Thursday, October 16, 2008
"I believe in the communion of the saints."
This simple clause in the Apostles' Creed means so much more to me as a Catholic than it did as a Protestant. It's an underlying basis for explaining why Catholics and other Christians are not ashamed to call on saints in heaven to help those on earth.
In my last post on this issue, I decided to heap up what I see as the crucial data from Scripture that clarify who we will be one day. I wanted to follow up on this concept by taking a simpler approach.
Instead of quoting Church Fathers and establishing precedent from the Catholic Church, I think a very helpful approach is to see things from the other group's side. Stepping into someone else's shoes, it may be possible to show how even their view of the world is amenable to one's own view.
To really step into these shoes, I am going to quote a song that only a few in this world know. It's quite silly, but still I know that the majority of my friends from my home town who would care about this debate will remember its words.
I quote the part that I remember most clearly:
"more like you
less like me
make me more and more like you
less and less like me.
more like jesus
less like me-sus
at your name i bow my knees-us
to do what my master pleases"
Now I would probably faint if I ever stepped into a Catholic parish and heard this song being played, and there was a large period of time where I made fun of this entire genre and wrote it off completely.
But on a fundamental level, what do we as Christians mean when we utter such words? We understand what our Lord has in store for us. There is an element in which this will be true in this life, but most of us understand that ultimate transformation into His image will find its fulfillment on the other side of the grave.
Does this transformation undo our connections to each other?
How could we not be closer after this transformation?
Similarly, if you were to become more like Jesus would that make you more or less fervently passionate about helping your brethren? Would your prayer life resemble Our Lord in Gethsemane or the disciples who slept while He prayed (which is more often than not my own status)?
If these things are true, how much love must our brethren in heaven have for us?! We have only a glimpse of how much love and concern they must have for us, based on the moments when we die to our selves and live in union with Jesus. May those moments grow in depth and intensity, but the point is.....there is full union in heaven. What must that say about our departed brethren?
How could they worship our God who ever lives to make intercession for us and discard the same passion that He has for us while in His presence?
How could they not give Him glory by imitating Him. We do it here, why would they not do it there?

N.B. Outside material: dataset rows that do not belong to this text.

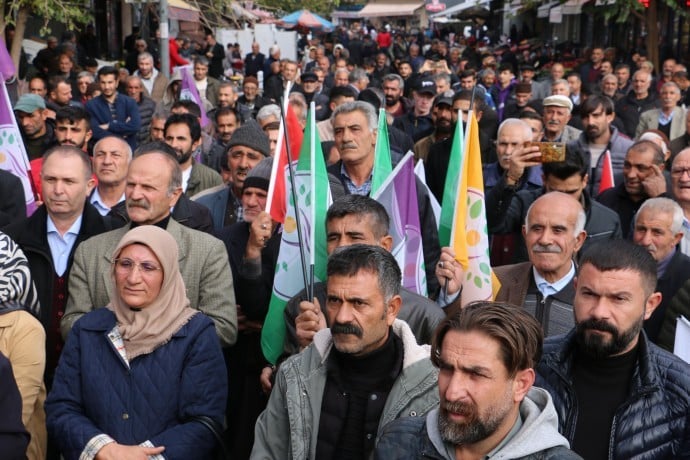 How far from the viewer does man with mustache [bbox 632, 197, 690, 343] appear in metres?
5.77

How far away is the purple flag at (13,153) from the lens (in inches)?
301

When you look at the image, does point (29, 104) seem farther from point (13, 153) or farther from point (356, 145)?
point (356, 145)

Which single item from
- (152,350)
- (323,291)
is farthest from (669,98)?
(152,350)

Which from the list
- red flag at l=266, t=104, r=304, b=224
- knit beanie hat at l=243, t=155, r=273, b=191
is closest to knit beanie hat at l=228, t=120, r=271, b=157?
knit beanie hat at l=243, t=155, r=273, b=191

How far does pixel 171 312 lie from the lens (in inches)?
185

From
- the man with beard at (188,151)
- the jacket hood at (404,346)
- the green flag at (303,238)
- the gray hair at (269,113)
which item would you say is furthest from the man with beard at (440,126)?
the jacket hood at (404,346)

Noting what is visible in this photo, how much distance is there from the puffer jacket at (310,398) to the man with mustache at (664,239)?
2.10 meters

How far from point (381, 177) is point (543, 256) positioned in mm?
1502

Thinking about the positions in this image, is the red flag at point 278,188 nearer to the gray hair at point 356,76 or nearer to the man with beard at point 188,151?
the man with beard at point 188,151

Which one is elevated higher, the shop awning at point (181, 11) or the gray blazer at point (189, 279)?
the shop awning at point (181, 11)

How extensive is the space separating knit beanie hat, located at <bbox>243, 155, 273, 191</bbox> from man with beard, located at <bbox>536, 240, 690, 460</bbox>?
8.82ft

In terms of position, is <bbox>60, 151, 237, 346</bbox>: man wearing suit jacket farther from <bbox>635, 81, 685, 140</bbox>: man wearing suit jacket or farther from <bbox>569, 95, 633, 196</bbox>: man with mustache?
<bbox>635, 81, 685, 140</bbox>: man wearing suit jacket

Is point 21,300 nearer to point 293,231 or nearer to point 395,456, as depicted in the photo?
point 293,231

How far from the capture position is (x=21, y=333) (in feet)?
15.4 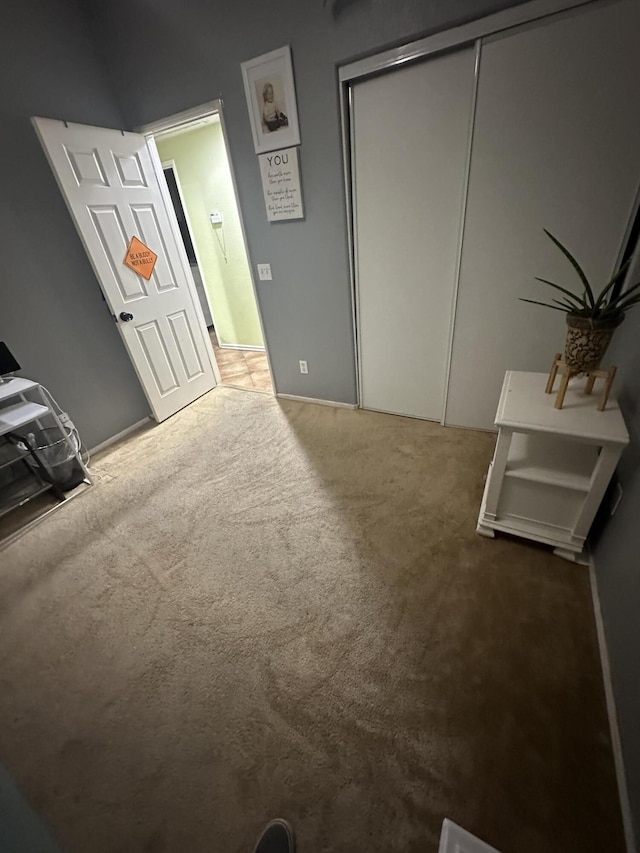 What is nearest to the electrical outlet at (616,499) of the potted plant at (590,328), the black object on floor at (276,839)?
the potted plant at (590,328)

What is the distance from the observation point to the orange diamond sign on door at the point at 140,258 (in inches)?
96.6

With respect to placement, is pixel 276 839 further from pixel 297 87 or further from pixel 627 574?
pixel 297 87

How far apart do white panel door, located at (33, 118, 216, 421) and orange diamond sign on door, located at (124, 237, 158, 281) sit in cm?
3

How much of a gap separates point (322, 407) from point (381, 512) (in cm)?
124

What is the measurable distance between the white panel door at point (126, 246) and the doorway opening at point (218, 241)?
60 cm

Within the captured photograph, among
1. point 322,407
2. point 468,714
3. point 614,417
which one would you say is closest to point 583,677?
point 468,714

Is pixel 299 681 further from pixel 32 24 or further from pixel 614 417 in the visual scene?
pixel 32 24

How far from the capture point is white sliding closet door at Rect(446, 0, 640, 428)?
1384 millimetres

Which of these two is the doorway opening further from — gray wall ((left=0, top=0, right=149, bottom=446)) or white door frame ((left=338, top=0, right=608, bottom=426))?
white door frame ((left=338, top=0, right=608, bottom=426))

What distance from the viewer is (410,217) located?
1.96m

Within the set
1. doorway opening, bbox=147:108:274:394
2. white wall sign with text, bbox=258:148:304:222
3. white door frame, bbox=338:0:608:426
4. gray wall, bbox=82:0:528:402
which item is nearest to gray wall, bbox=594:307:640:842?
white door frame, bbox=338:0:608:426

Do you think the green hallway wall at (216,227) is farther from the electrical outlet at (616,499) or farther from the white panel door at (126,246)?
the electrical outlet at (616,499)

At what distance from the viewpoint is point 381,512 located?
182 cm

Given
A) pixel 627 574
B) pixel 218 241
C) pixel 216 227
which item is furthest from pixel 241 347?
pixel 627 574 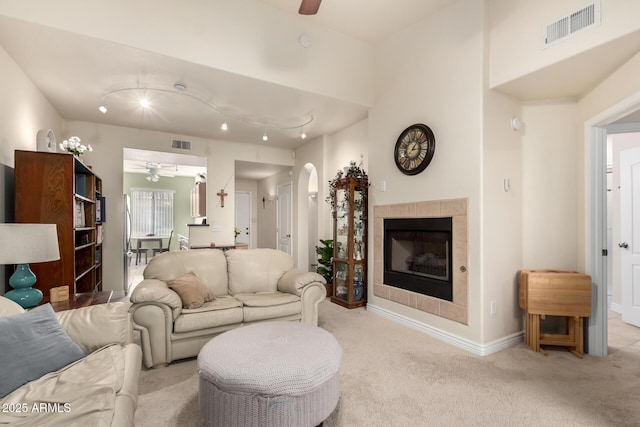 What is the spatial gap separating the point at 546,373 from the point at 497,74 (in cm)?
258

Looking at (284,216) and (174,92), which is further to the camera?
(284,216)

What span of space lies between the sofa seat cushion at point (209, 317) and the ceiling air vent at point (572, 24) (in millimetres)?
3445

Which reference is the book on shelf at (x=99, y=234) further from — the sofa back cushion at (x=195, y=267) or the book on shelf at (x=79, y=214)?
the sofa back cushion at (x=195, y=267)

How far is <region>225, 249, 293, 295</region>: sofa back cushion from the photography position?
3.31m

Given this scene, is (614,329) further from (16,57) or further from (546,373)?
(16,57)

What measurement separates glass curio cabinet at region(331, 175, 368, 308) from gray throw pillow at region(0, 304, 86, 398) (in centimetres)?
314

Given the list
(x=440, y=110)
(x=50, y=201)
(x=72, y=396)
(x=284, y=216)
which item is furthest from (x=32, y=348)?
(x=284, y=216)

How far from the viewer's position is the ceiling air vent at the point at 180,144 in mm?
5234

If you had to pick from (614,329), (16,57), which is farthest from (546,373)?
(16,57)

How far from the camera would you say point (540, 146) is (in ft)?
10.1

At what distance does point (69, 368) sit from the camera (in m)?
1.46

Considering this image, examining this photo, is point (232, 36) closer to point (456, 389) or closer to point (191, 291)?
point (191, 291)

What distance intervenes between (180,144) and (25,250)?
147 inches

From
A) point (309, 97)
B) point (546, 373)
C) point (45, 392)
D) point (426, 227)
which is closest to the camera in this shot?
point (45, 392) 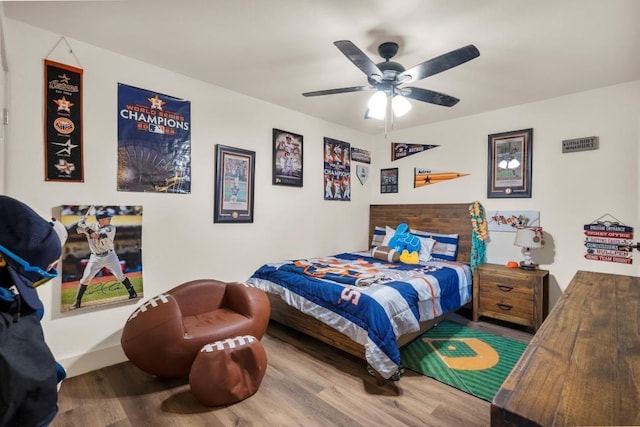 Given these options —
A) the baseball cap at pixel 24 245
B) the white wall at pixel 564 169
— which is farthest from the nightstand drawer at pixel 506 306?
the baseball cap at pixel 24 245

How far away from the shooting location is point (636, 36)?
2.11 meters

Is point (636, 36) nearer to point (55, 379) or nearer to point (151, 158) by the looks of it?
point (55, 379)

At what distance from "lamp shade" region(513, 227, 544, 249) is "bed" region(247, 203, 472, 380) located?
610 mm

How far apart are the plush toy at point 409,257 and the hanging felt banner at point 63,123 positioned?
125 inches

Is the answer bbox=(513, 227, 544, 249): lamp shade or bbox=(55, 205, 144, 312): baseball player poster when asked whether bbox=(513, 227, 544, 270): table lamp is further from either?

This brings us to the fundamental objection that saints in heaven can't hear us because of their finitude. True, they are finite, but they are united and transformed by the all-consuming love of the Father. Just as John felt compelled to worship the glorious angel who brought him messages in the book of Revelation, we would probably fall over if we met a saint who has been glorified.
If we will know even as we are known in heaven, what would that say about our grasp of the earth? That's the theme I hope to convey in a future post, but for now, consider what it means to be more like Jesus and less like "me-sus".